# Inducing representations from the stabilizer of a partition

For each positive integer $i$, let $A_i$ be a fixed representation of the symmetric group $S_i$. I won't tell you exactly what $A_i$ is, but let's say that I have a very explicit description of its character.

Let $\lambda$ be a partition of a fixed integer $n$, and let $\ell$ be its length. Let $W_\lambda \subset S_n$ be the stabilizer of $\lambda$. This group $W_\lambda$ is a semidirect product of the Young subgroup $S_\lambda = S_{\lambda_1}\times\ldots\times S_{\lambda_\ell}$ and a subgroup $T_\lambda \subset S_\ell$, which shuffles pieces of $\lambda$ of the same size.

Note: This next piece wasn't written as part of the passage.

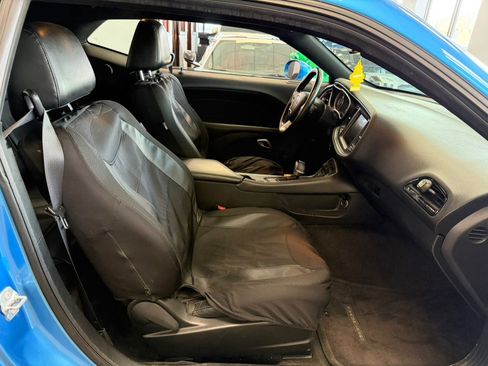 Used 2015 Dodge Challenger SXT Plus w/ Sound Group II image 23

How can one compute the character of $\operatorname{Ind}_{W_\lambda}^{S_n}(A_{\lambda_1}\otimes\ldots \otimes A_{\lambda_\ell})$? Here $S_{\lambda_i}\subset S_\lambda$ acts on the $i^\text{th}$ factor of the tensor product, and $T_\lambda$ acts by permuting the factors of the tensor product.

In theory, I know that I have all of the necessary information to compute this character, but I wonder if there are any useful combinatorial tricks to organize the data.

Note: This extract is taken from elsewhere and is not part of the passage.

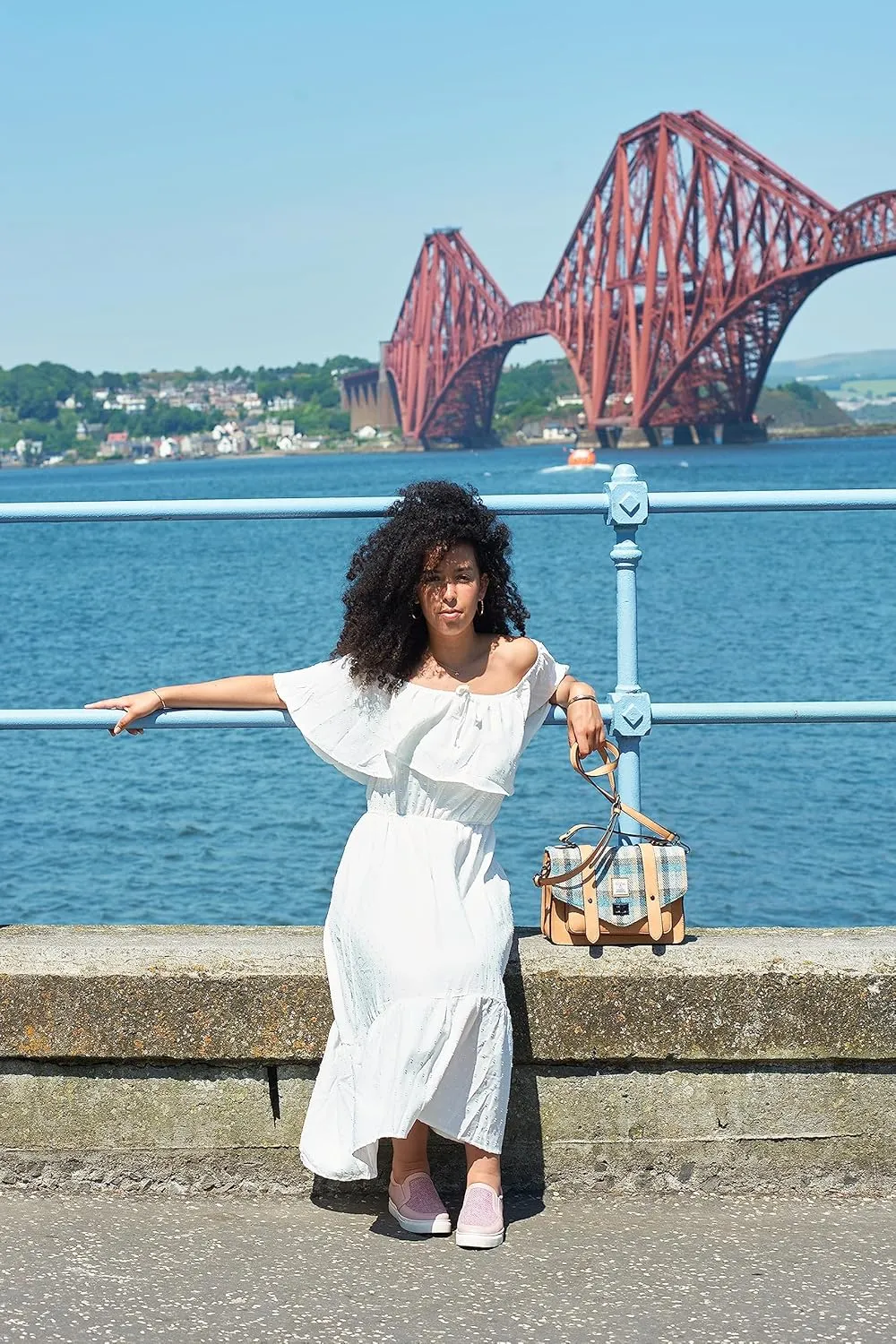 Islander Medium Satchel shoulder bags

Regarding the motivation for this question, I would like to apply the recursive formula in Remark 3.6 of this paper http://pages.uoregon.edu/njp/ukl-m1.pdf when $W=S_n$ and $\mathcal{A}$ is the braid arrangement.

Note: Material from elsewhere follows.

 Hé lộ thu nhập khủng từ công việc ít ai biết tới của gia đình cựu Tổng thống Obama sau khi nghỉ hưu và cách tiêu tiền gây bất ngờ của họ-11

Let $\mathrm{ch}(A_i)$ denote the Frobenius characteristic of $A_i$ (as defined e.g. in Enumerative Combinatorics, vol. 2, page 351). Thus $\mathrm{ch}(A_i)$ is a symmetric function. If $\lambda$ has $m_i$ parts equal to $i$, then the Frobenius characteristic of your induced character is given by $\prod_i h_{m_i}[\mathrm{ch}(A_i)]$, where the brackets denote plethysm. See for instance page 449 of the previous reference for a statement of a somewhat more general result. The proof is a fairly straightforward computation. Since plethysm is notoriously difficult to work with, this interpretation will probably not be of much use for your question about computing the character.